Google responde após executivo da Apple dizer que a Inteligência Artificial está prejudicando a busca

Google doesn’t agree with Eddie Cue’s assertion that search volume is declining.


  • Ongoing antitrust trial against Google could impact its search business and the wider web ecosystem
  • Concerns raised about Google’s search monopoly and revenue sources from key deals with Apple and Firefox
  • Rise of AI-based search methods poses a potential challenge to Google’s dominance in the search market

  • Google pushes back against Apple exec’s claim of falling search volume

    After Apple’s Senior VP of Services, Eddie Cue, testified that Google’s search traffic might be decreasing, Google issued a statement to dispute this suggestion, defending its monopoly in search. The ongoing antitrust trial against Google could have significant implications for the company and the web as a whole, as it tries to protect its search empire from potential market forces that could challenge its dominance.

    In his testimony, Cue expressed concerns about losing the Google search deal, a key revenue source for Apple. This deal, along with similar agreements, gives Google default search placement in exchange for financial compensation. The Department of Justice argues that these deals are anticompetitive and has proposed remedies that include banning Google from making such agreements.

    Despite Cue’s assertion that search volume in Safari has declined for the first time ever, Google maintains that overall search query growth is still increasing. The statement from Google emphasized that as they enhance Search with new features, more people are finding it useful for a variety of queries. However, concerns about the rise of AI-based search methods, such as ChatGPT and Perplexity, have raised questions about Google’s future competitiveness in the search space.

    The markets reacted to Cue’s testimony, with Google’s stock price dropping 8% after the news. This incident highlights the growing importance of AI in search technology and the potential challenges Google may face in maintaining its position at the top of the search market.

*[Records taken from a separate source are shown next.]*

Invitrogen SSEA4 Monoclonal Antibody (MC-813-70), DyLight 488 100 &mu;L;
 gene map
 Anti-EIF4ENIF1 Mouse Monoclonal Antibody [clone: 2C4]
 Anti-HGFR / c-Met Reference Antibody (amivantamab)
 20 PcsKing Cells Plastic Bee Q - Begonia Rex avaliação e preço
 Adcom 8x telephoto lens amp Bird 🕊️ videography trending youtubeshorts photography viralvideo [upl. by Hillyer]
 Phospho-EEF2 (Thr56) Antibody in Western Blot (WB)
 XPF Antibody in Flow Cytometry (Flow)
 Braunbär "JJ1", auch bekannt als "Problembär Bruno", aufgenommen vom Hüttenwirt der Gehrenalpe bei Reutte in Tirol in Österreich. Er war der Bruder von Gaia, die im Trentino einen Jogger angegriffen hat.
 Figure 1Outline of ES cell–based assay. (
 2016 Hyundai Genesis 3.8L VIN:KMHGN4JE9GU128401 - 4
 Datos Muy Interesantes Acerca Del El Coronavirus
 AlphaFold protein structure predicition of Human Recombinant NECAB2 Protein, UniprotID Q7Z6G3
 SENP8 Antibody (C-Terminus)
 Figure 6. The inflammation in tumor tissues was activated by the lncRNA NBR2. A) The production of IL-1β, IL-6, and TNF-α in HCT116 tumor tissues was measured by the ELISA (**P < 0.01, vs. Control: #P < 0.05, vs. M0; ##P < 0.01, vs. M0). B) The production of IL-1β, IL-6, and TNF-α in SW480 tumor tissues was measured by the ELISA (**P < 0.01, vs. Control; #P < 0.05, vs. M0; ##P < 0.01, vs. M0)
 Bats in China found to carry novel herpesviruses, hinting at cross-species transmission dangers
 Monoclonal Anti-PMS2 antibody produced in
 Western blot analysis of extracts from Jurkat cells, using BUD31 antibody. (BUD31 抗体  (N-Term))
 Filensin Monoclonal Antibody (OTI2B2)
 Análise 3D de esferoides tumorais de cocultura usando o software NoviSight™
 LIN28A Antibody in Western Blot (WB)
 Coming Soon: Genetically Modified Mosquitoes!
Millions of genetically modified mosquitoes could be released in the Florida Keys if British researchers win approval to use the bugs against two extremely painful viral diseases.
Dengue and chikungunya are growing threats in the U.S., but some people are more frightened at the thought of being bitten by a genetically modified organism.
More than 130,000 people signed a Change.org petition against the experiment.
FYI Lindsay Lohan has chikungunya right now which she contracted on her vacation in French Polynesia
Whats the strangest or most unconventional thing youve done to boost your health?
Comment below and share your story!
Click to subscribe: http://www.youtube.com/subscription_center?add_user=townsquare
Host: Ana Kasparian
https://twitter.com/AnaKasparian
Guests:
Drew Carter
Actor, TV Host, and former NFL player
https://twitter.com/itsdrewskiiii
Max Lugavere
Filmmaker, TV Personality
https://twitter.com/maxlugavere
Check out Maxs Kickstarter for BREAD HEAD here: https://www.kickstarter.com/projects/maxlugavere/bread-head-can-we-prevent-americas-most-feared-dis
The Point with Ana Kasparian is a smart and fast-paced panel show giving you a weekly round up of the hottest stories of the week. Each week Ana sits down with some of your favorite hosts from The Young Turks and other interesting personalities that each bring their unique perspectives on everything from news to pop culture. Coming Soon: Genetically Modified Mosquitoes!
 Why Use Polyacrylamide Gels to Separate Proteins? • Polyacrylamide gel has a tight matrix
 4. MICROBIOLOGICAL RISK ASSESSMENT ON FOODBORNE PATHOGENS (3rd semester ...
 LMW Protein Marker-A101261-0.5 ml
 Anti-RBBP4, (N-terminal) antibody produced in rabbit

    Apple: Apple Inc. is a multinational technology company known for its consumer electronics, software, and services. The company’s products include the iPhone, iPad, Mac computers, and Apple Watch. Apple is also a major player in the tech industry with its App Store, iCloud, and other digital services.

    Google: Google LLC is a technology company specializing in internet-related services and products. Its search engine is one of the most widely used in the world, with Google Search being a key revenue driver for the company. Google’s dominance in the search market has faced scrutiny from regulators, leading to antitrust investigations and trials.